Exact copies of all entries are needed. Pictures are to be left out.

*** Extracted material ***

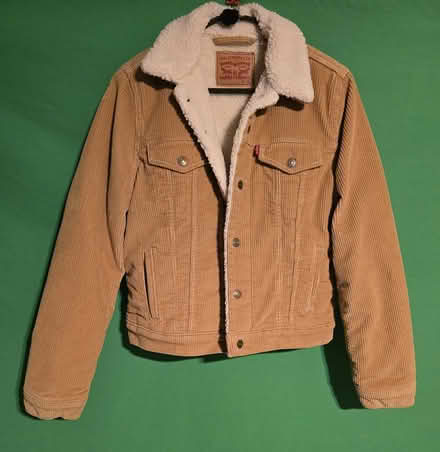Photo of free Levi Shearling Corduroy Jacket - M (West 7th) #2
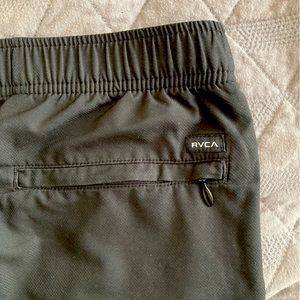 Black Rvca mens shorts
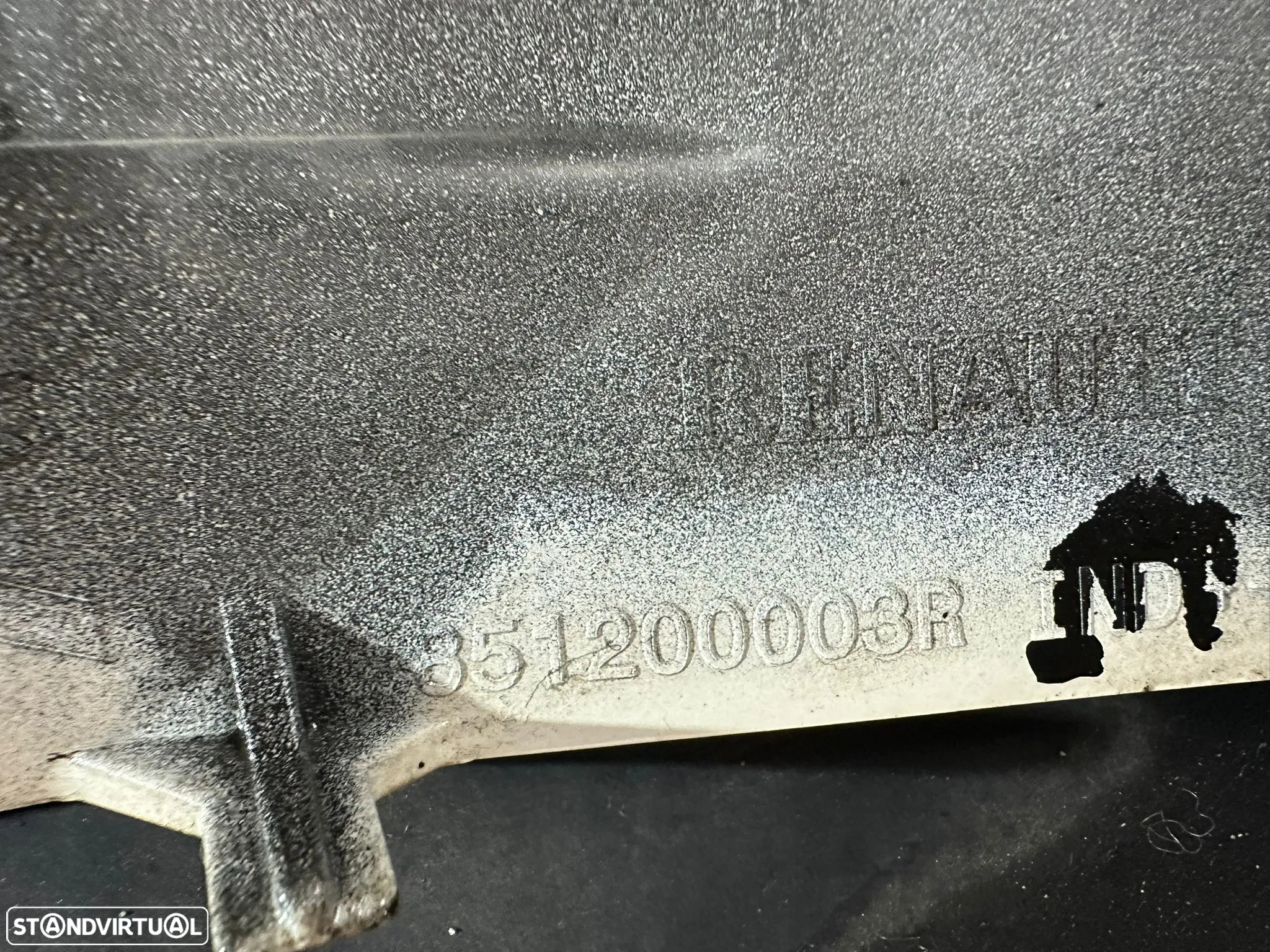 .Parachoques Tras Traseiro Original Renault Megane 3 MK3 Cabrio 2008 - 2016 - 7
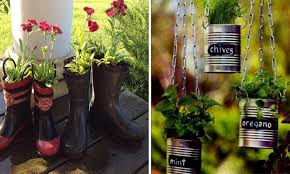 Hit del momento para la decoración de interiores: 20 Fantasticas Ideas Para Decorar Tu Jardin Con Objetos Reciclados Casas Increibles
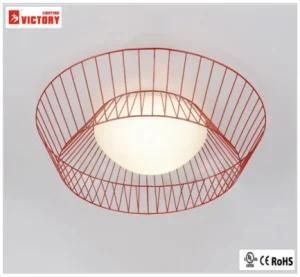 Modern Simple Interior Decorative Bedroom LED Ceiling Light
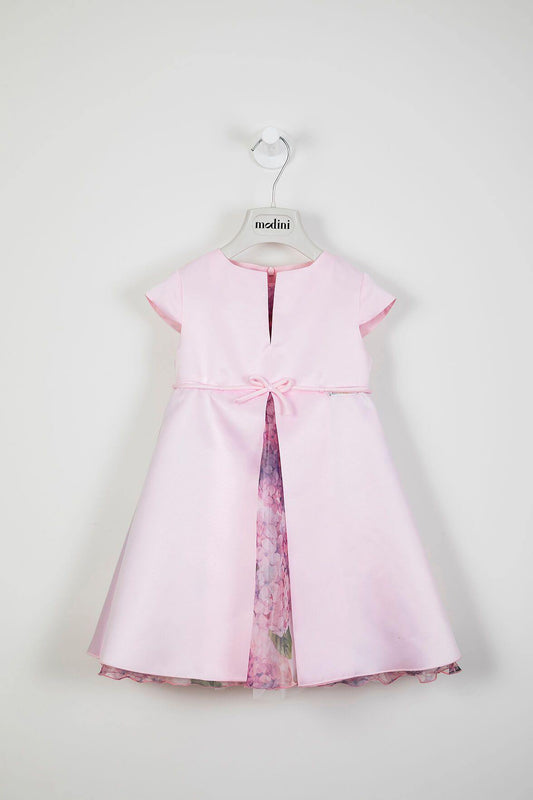 ROPA PARA NIÑOS - VESTIDO ROSA I PINCO PALLINO - Modini Shop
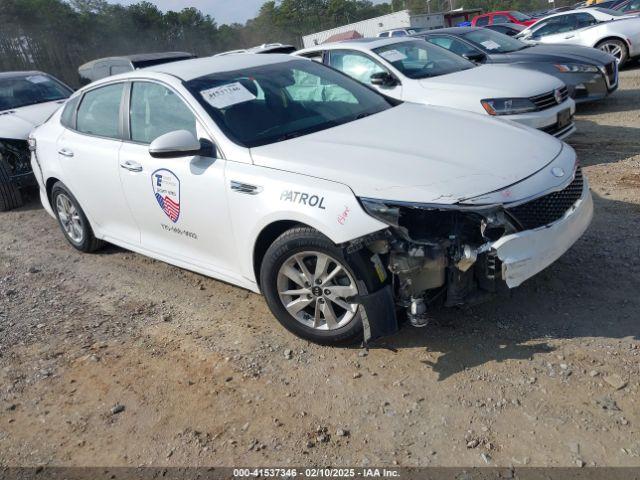  Salvage Kia Optima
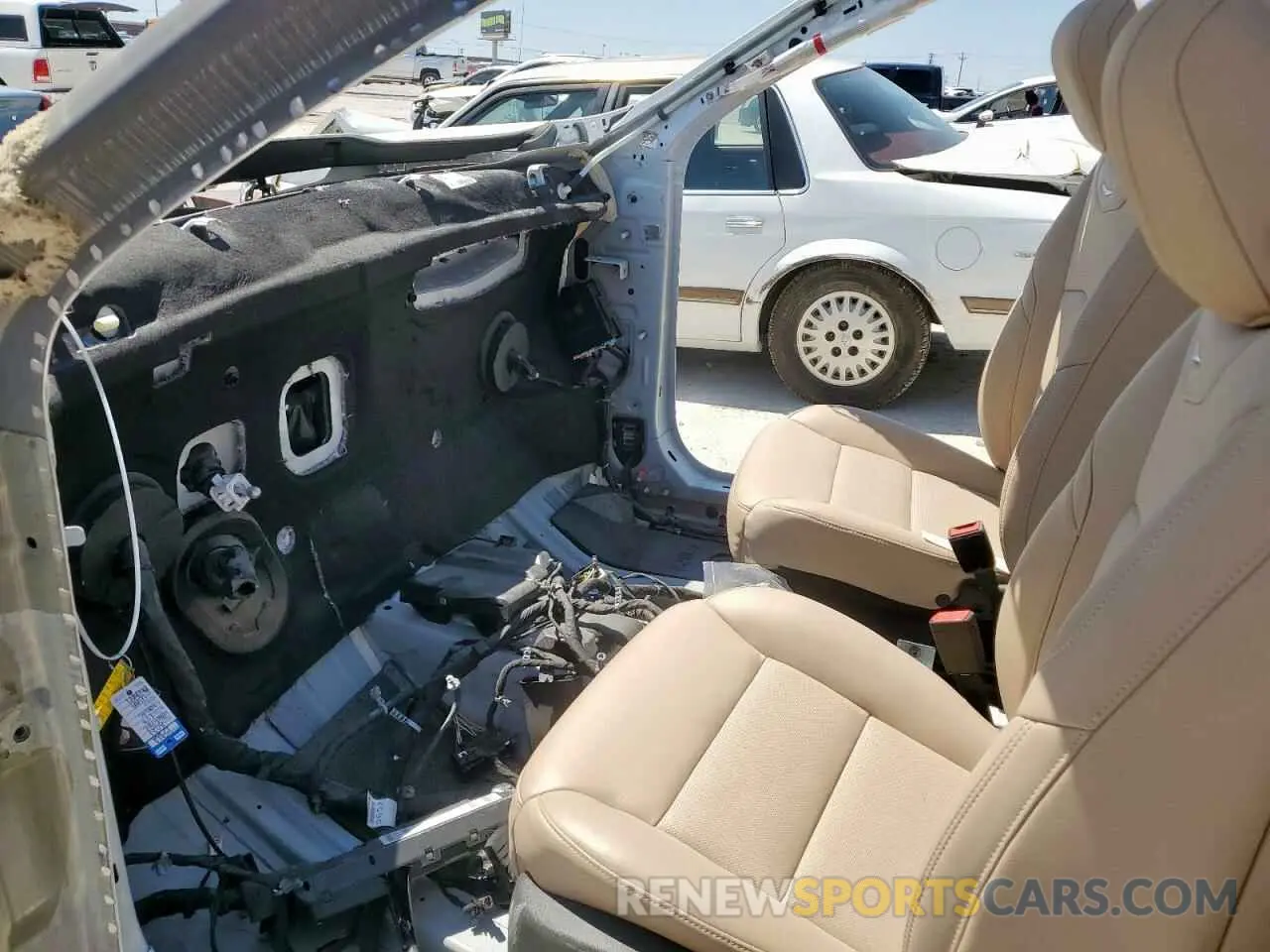 7 Photograph of a damaged car 1GYFZCR42RF234359 CADILLAC XT4 2024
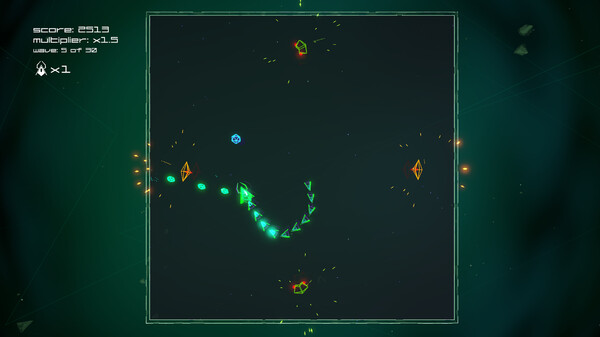 cyber_serpent game for Linux 1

*** End of Extracted material ***

Written response:
Photo of free Levi Shearling Corduroy Jacket - M (West 7th) #2
 Black Rvca mens shorts
 .Parachoques Tras Traseiro Original Renault Megane 3 MK3 Cabrio 2008 - 2016 - 7
 Hit del momento para la decoración de interiores: 20 Fantasticas Ideas Para Decorar Tu Jardin Con Objetos Reciclados Casas Increibles
 Modern Simple Interior Decorative Bedroom LED Ceiling Light
 ROPA PARA NIÑOS - VESTIDO ROSA I PINCO PALLINO - Modini Shop
  Salvage Kia Optima
 7 Photograph of a damaged car 1GYFZCR42RF234359 CADILLAC XT4 2024
 cyber_serpent game for Linux 1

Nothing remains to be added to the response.